One of the best things about modern advertising is the fine print. This is the craven cover-your-ass verbiage that expensive lawyers advise their clients to put under an ad to limit the advertiser’s liability. Here is a list of things I’ve been advised not to do:
- Drive down a ski slope and do a barrel roll on a big jump.
- Erect an enormous structure with a narrow track and drive through flamethrowers high above the desert floor.
- Eat while lying on my back.
- Pull a trailer.
- Drive on Highway 1 at a reasonable speed on a sunny day.
- Drive in an empty warehouse.
- Drive on a city street at night.
Some of those things would be pretty stupid (and expensive) to attempt. Yet if I were to take all the automotive admonitions seriously, I wouldn’t be able to drive anywhere, ever. The sum of the auto warnings is, “Don’t use our product.”
Last night an ad reminded me not to drive very fast in a straight line on an unused runway, but oddly neglected to admonish me not to release a wild cheetah without taking measures to protect myself.
The ski slope barrel roll warning was actually phrased playfully, with the implied “yeah, we know this is ridiculous, but we’re going to do it anyway.”
People will blame our litigious culture for these silly admonitions, but except for a few well-publicized (and usually misrepresented) cases, I don’t think someone sliding a pickup truck down a ski slope has much hope of suing Toyota, warning or not. I think there’s a culture of fear that makes boardrooms timid, just as parents drive their kids to school despite ample evidence that the kids are better off walking. It’s all about worst-case thinking.
Who benefits from that fear? Some guy on retainer to Mazda who gets paid five thousand bucks to look at the latest ad and say, “Put ‘Professional driver on a closed course. Do not attempt.’ at the bottom.” Based on Mazda’s lawyer not altering the text to mention angry carnivores, I wonder if he even watched the ad before submitting his careful analysis. What does Mazda get in return? The VP of marketing can tell the board “we asked a lawyer” if someone gets upset.
My strongest argument for why this is corporate cowardice rather than a reflection of our litigious society lies in Hollywood. There are no disclaimers in movies. Stupid people have died replicating stunts in movies. There was a movie where people lay on the double-yellow in the middle of a road. When a kid died replicating that stunt, the studio was not sued out of existence.
In the face of ample evidence that disclaimers are unnecessary and not even that useful when things do go wrong, advertisers still tell me not to operate my car in any circumstances. Hollywood is simply braver than Madison Avenue, as hard as that is to believe.
Hollywood simply hides their disclaimers in the ratings.
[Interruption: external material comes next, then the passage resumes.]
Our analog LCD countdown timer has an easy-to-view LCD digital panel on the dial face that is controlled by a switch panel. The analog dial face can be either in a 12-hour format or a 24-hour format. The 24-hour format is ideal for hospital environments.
Here’s the MPAA rating for “Jackass”:
“Rated R for dangerous, sometimes extremely crude stunts, language and nudity”
You might be thinking, “but they don’t say not to attempt to recreate those dangerous stunts,” but apparently that’s implied in MPAA ratings. Here’s the rating for “Rango”:
“Rated PG for rude humor, language, action and smoking”
Obviously, nobody should smoke. At least tobacco. And just as Mazda thinks we shouldn’t drive, under any conditions, Hollywood thinks we shouldn’t get off the couch and be active. Unless “rude” is intended to modify everything that follows, in which case polite smoking is OK.
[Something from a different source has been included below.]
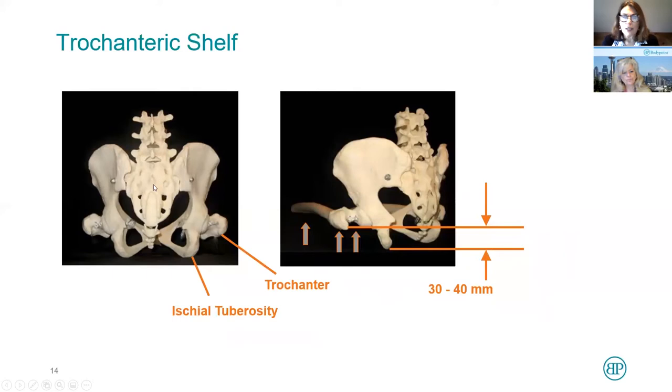Human beings were designed to be bipedal animals. We are designed to walk around on the earth. We were not designed to sit all day in front of a computer or in a wheelchair. Our creator certainly would not have created an ischial tuberosity that sticks down 30 to 40 millimeters below the bum when you're sitting — that just sets you up for pressure sores and loss of skin integrity.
I’m sure Jackass begins with several other disclaimers as well. It’s “reality” cinema. Perhaps I’m splitting hairs here, but when I say ‘movie’ I’m implying some attempt to tell a story. Jackass by my definition is not a movie.
Holy shit I’ve become a film snob with a lower threshold.
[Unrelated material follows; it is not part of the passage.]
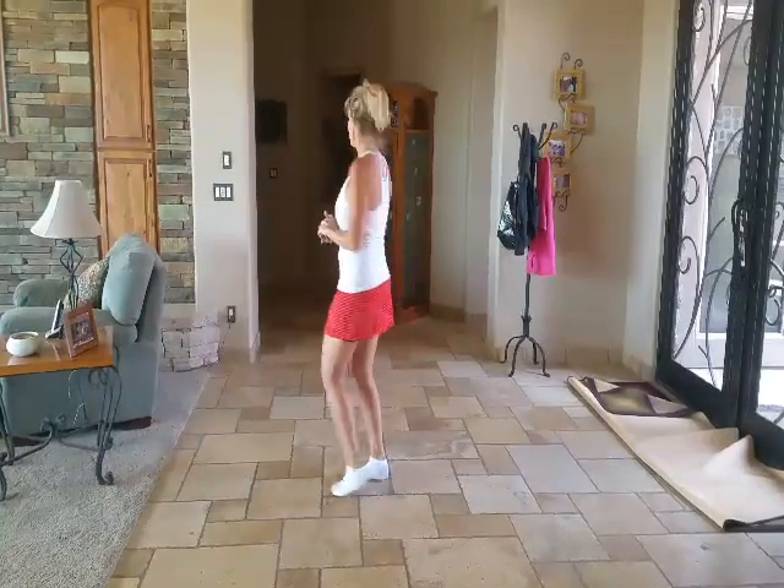Hey everybody, Carrie McNeish in Arizona, www.dancemeetsfitness.net. Forgive me for my little Sunday attire, very casual. I'm just doing a quick instruction and demo of a new dance that I'm choreographing called Mom Diggy by Zach and Jasmine. This is dedicated to a friend of mine who likes Bollywood and wants a lot of shimmies and shakes and hip rolls. So I'm doing this for you. You're welcome.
I suppose it’s neither here nor there, but I am most offended by the need to denigrate nature to sell a product. “Look at this beautiful animal. After millions of years of evolution it can attain speeds up to 70mph. We’re gonna thumb our nose at that to show this mazda will go 2×70 mph.” And this is meaningful somehow? I wonder how many cheetah, wild horse, big horn sheep, and gazelle preservation programs Mazda, Ford, Dodge, and Buick have donated to.